The NAIC is a group for insurance regulators in all 50 states, the District of Columbia and U.S. territories. The group develops model laws and regulations, and the member jurisdictions decide whether to adopt the models.
The Insured Retirement Institute, along with the American Council of Life Insurers (ACLI), the National Association of Insurance and Financial Advisors (NAIFA) and the Association for Advanced Life Underwriting (AALU), submitted comments on the NAIC model rule, stating that they support adoption of a “best interest” standard.
Will It Be a ‘Best Interest’ Standard?
In a drafting note, the authors of the current revision draft say that, for now, at least, the NAIC would prefer to stick with the term “suitability” in the model revision.

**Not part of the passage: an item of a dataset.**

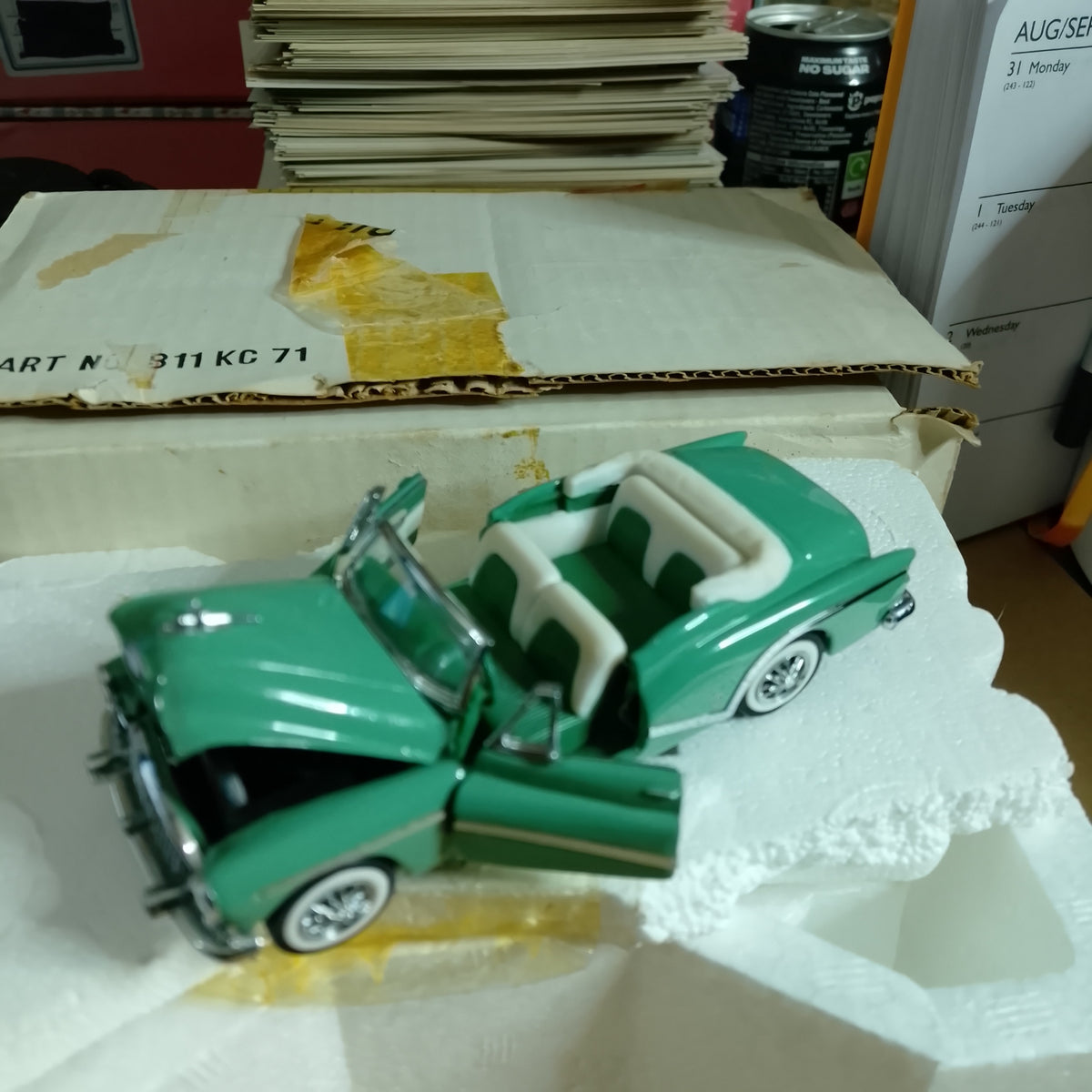 Franklin mint cars of the fifties 1953 Buick Skylark 1:43 diecast excellent has box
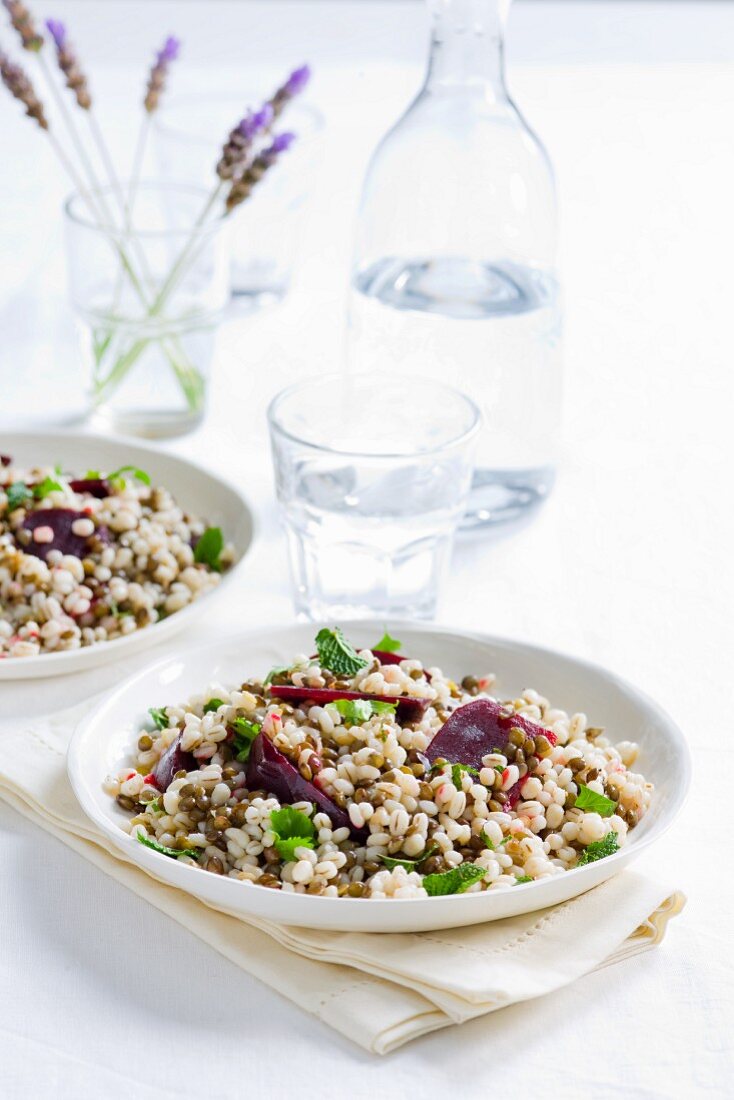 Barley with lentils, coriander and beetroot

“Until such time the NAIC can evaluate any distinction in the text of the SEC proposal between a ‘best interest’ recommendation and investment adviser fiduciary duties, and the SEC and FINRA have finalized relevant terms, definitions and related requirements, the NAIC would opt to refrain from using the phrase ‘best interest,’” according to the text of the drafting note.
IRI Calls for Uniformity
In its comment letter, IRI stated that if the SEC’s final rule continues to use the phrase “best interest” to describe the standard the securities regulator adopts and the NAIC opts to use its “the interest of the consumer” label, the result “will be significant confusion and uncertainty among consumers, producers, carriers and regulators.”
Said IRI: “We think you will agree that this would not be a positive outcome. Introducing new terminology into the suitability model also raises the risk of inconsistent interpretations across the states.”
It remains unclear, IRI said, how the term “the interest of the consumer” differs from the SEC’s “best interest” language “and creates a fog of uncertainty around the duties of insurers and producers. We urge the NAIC to strive for consistency with the SEC, both in substance and terminology.”
One of the important benefits of the suitability model over the years, IRI wrote, “has been its readily understandable formulation, which has allowed states to implement largely uniform regulatory structures to protect consumers fairly and equitably regardless of their locality. If the NAIC introduces new terminology into the suitability model that is left unrecognized by other regulators, state regulators will likely formulate divergent views on how to apply the new suitability model.”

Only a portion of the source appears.